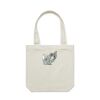 AS Colour - Canvas Tote 'Carrie' Bag  Thumbnail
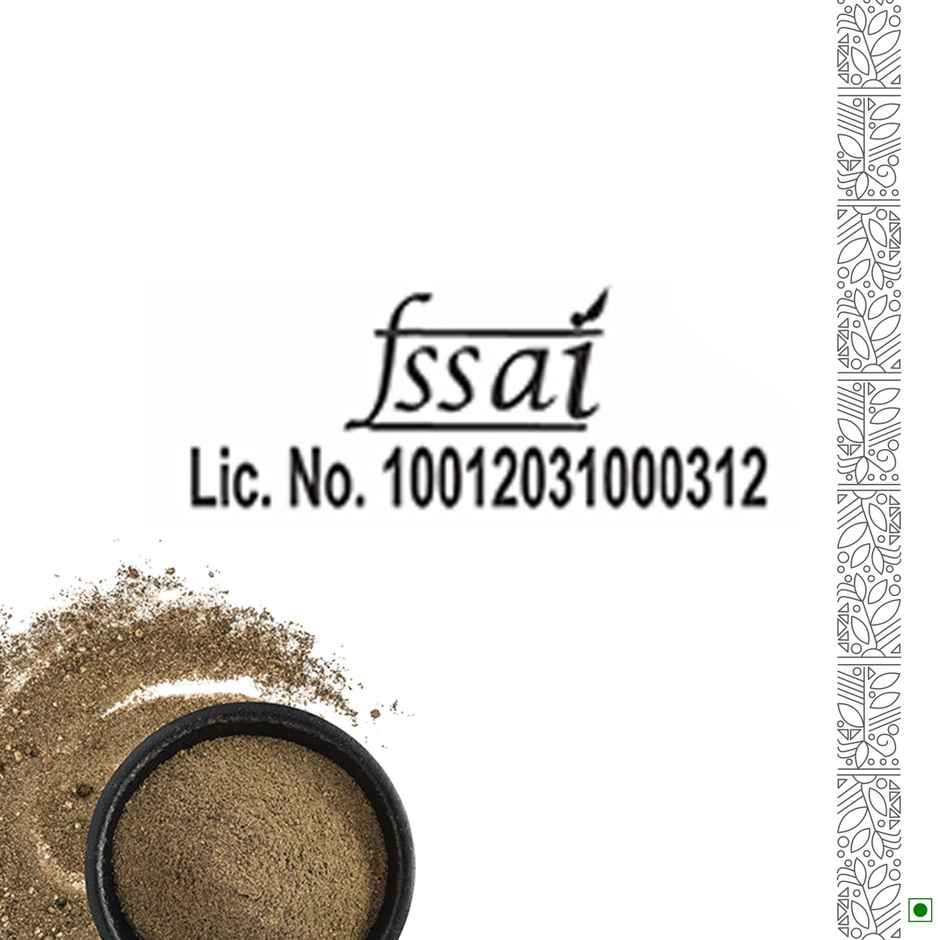 Sunrise Pure Black Pepper Powder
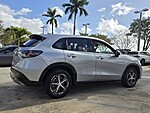 Used 2024 Honda HR-V EX-L in DAVIE, FLORIDA (Photo 7)
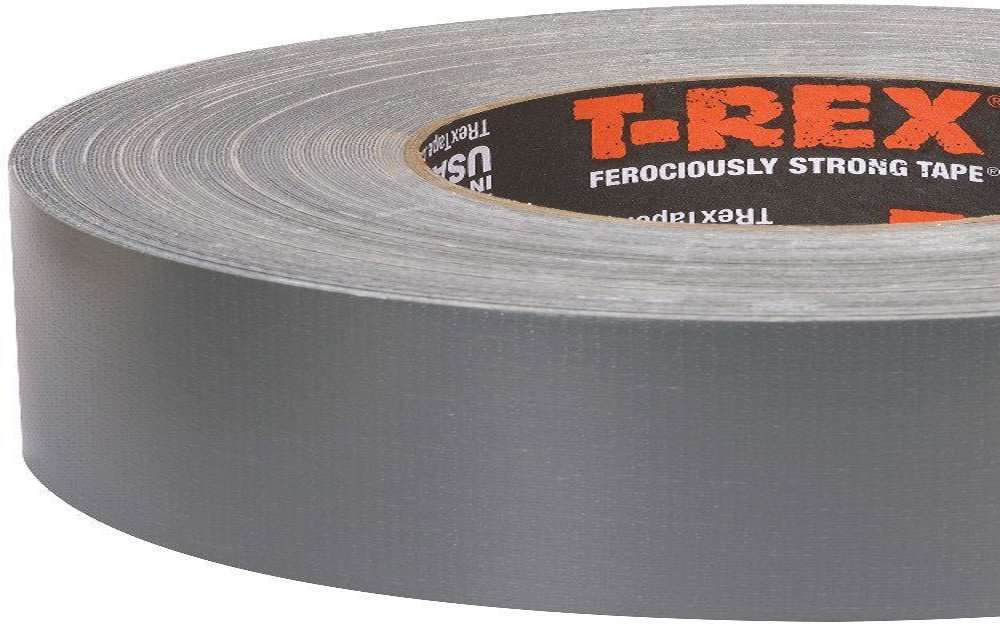 TRex Tape Unstoppable AllWeather Adhesive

Task objective ▸
Return the material in full and unaltered, minus its pictures.

Result of the exercise ▸
 AS Colour - Canvas Tote 'Carrie' Bag  Thumbnail
 Sunrise Pure Black Pepper Powder
 Used 2024 Honda HR-V EX-L in DAVIE, FLORIDA (Photo 7)
 TRex Tape Unstoppable AllWeather Adhesive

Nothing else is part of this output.